Welcome, Guest. Please login or register.

Author Topic: My C homework  (Read 14303 times)

Description:

0 Members and 1 Guest are viewing this topic.

Offline Karlos

  • Sockologist
  • Global Moderator
  • Hero Member
  • *****
  • Join Date: Nov 2002
  • Posts: 16878
  • Country: gb
  • Thanked: 5 times
    • Show all replies
Re: Mel's C homework
« on: February 24, 2007, 01:10:07 PM »
@Mel

As an algorithm it looks fine. Mgerics has a point, however. Depending on your main loop, the end of file character might be intercepted as the start of a new word should there be any whitespace at the end of the file. Look out for that when designing your loop.

As I said, the objective in this case isn't to see how well you can factor the code into lots of utility functions, it is an exercise in solving a problem. You can probably manage the entire thing within main() relatively well.

The second exercise is more likely to benefit from factoring into functions and you should give some thought to that.
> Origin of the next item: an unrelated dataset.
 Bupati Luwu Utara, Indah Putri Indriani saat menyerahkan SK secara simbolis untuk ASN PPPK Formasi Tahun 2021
The third exercise is for once you have an understanding of structures and memory allocation / deallocation.

Hint: have a structure that at least consists of a char* for the word, a count value. You will almost certainly need to factor that code into functions that perform specific actions on these structures, such initializing them (and allocating space to store the word) and finalizing them (deallocating the space used to store the word). You will need to manage a collection of structures, one for each unique word.
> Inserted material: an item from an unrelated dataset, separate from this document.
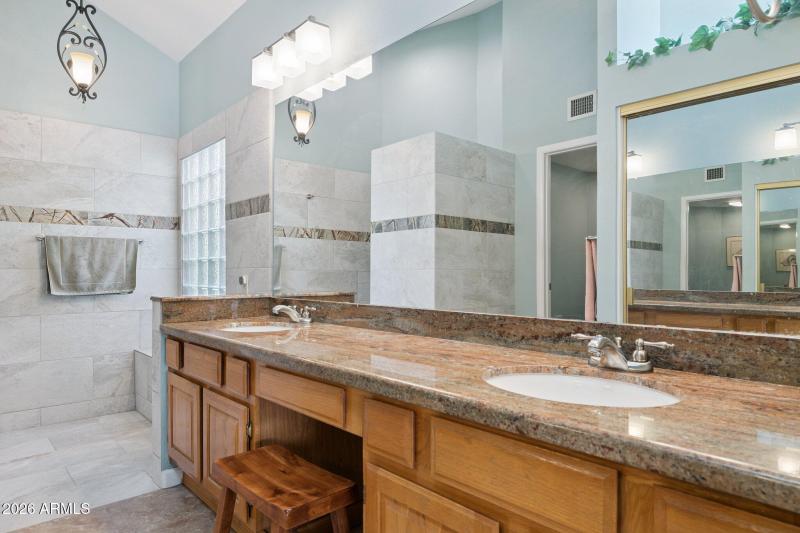 20-web-or-mls-10091-e-san-salvador-dr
A second hint: comparing integer values is much, much faster than comparing strings with strcmp()/stricmp(). Consider extending your structure to contain a second integer that is some value computed from the word itself (look up hash functions) and base your comparisons on that. Who knows, you might even take that to its logical conclusion and actually implement your collection of word count structures as a hash map ;-)

That's some time off yet though.
int p; // A
 

Offline Karlos

  • Sockologist
  • Global Moderator
  • Hero Member
  • *****
  • Join Date: Nov 2002
  • Posts: 16878
  • Country: gb
  • Thanked: 5 times
    • Show all replies
Re: Mel's C homework
« Reply #1 on: February 24, 2007, 02:27:43 PM »
Quote

Piru wrote:
- It should not be limited to some fixed size maximum word length.
- It should not get exponentally slower when number of different words grows.
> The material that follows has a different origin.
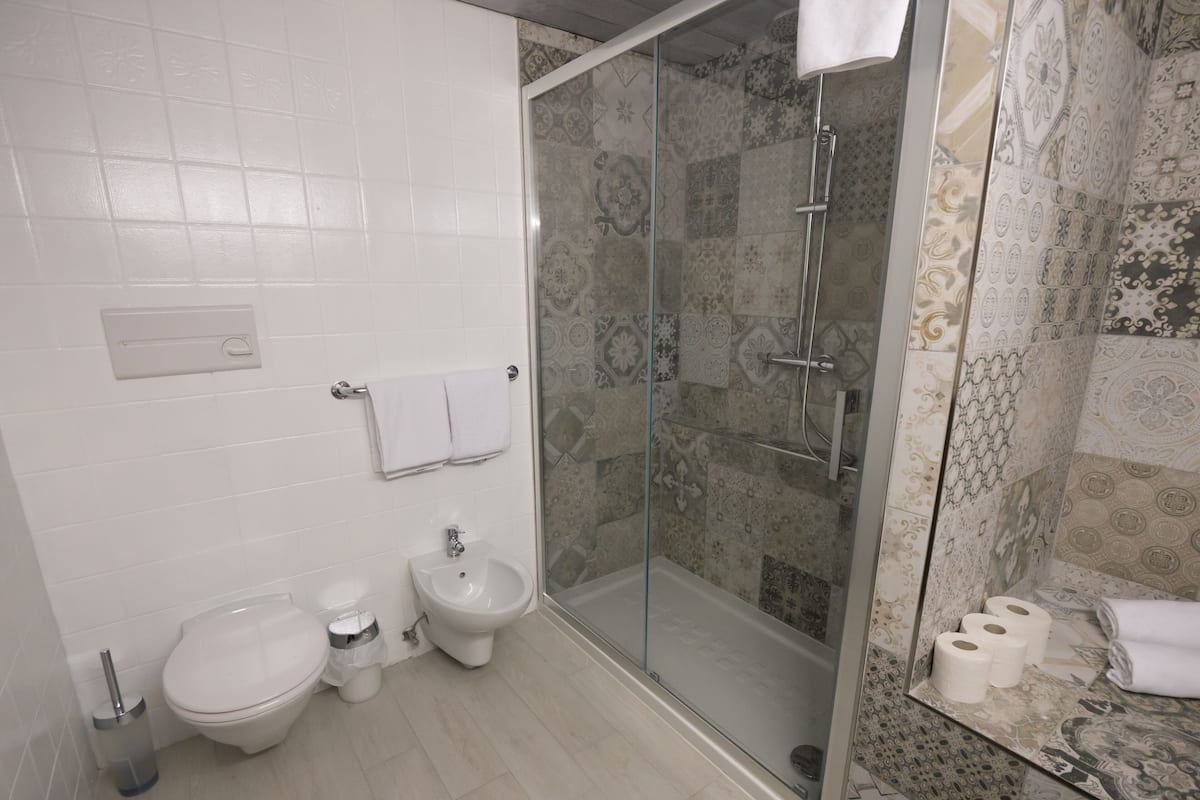 Haartrockner, BademĂ€ntel, Bidet, HandtĂŒcher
A hash map satisfies the second point nicely. That would be trivial to implement in C++/STL but it requires some thinking about to do from first principles in C. But then, that is the aim of the exercise.
Certainly you don't want to be iterating over the entire list of known words for each word read.
int p; // A
 

Offline Karlos

  • Sockologist
  • Global Moderator
  • Hero Member
  • *****
  • Join Date: Nov 2002
  • Posts: 16878
  • Country: gb
  • Thanked: 5 times
    • Show all replies
Re: Mel's C homework
« Reply #2 on: February 24, 2007, 03:00:19 PM »
True enough, there are lots of containers that would cope with this scenario.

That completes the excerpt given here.